How should you sleep at 34 weeks pregnant?

There are a lot of do's and don'ts during pregnancy. Sometimes the list begins to feel endless. The truth is, there are some things that are truly potentially harmful and others that aren't really that worrisome. There are also things that you can actually do something about, and others that you can't. The good news is that the position that you sleep in is something you can control.

Why Back Sleeping Can Be Problematic for Pregnant Women

During pregnancy, you will often hear that sleeping on your back is a bad idea. The reason has to do with your anatomy.

When you lay on your back after the first trimester of pregnancy, the weight of your pregnant uterus can decrease the blood flow in the vena cava, the vein that carries blood from the lower part of your body to the heart.

If this were to happen, there is a risk of decreasing the blood flow to your uterus and thus, to your baby.

Why Side Sleeping Is Best for Pregnant Women

The vena cava runs slightly to the right of your spine, so that's why you may hear that lying on your left side is the best option in pregnancy. Your liver is also on the right side, so sleeping on the left side also helps keep the fetus from compressing that organ.

During pregnancy, the key is not to sleep on your back; either side is usually fine.

If you happen to prefer the right side, it's not a big deal. While the left side is most recommended by doctors, many pregnant women still shift from side-to-side throughout the course of the night.

So what happens when you wake up in the middle of the night and you're on your back? Don't stress over it. Just roll over onto your side or prop your body with a pillow to turn you one direction or the other.

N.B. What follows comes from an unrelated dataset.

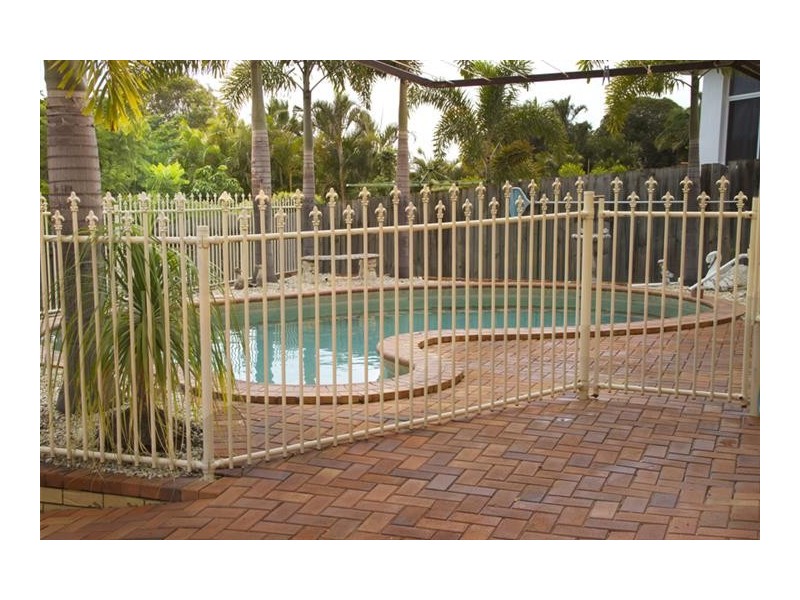 29 Royal Drive, Kawungan QLD 4655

How Using a Pillow Can Help

Using pillows between your legs while you sleep can be more comfortable and help prevent back pain from strain placed on your back while you sleep. You can also use a pillow behind your back as a reminder to not roll over; if you feel it during the night, you'll likely stop rolling, even if you're fast asleep.

Any pillow will work, but there are also special pillows made for side-sleeping pregnant women. They may come in different shapes and sizes. Choose the one that works for you, even if that's simply a regular pillow. The extra support behind your back can help provide added support on your back and hips.

When to Consult a Professional

If you're really concerned about your sleeping position, talk to your doctor or midwife. They can help you understand what's going on and how to quantify the risk or non-risk to your baby. Don't lose more sleep over your sleeping position than you're already bound to lose during pregnancy.

What to Do When You Have Insomnia During Pregnancy

Many pregnant women already suffer from insomnia. Certainly, sleep positioning can play a part in how well you do or don't sleep.

There are many different ways to deal with insomnia that can be used no matter what your sleep position is at night, including eating a snack, reading a book, taking a warm bath, and making sure you go to bed when you feel sleepy.

How should you sleep at 34 weeks pregnant?

By Robin Elise Weiss, PhD, MPH
Robin Elise Weiss, PhD, MPH is a professor, author, childbirth and postpartum educator, certified doula, and lactation counselor.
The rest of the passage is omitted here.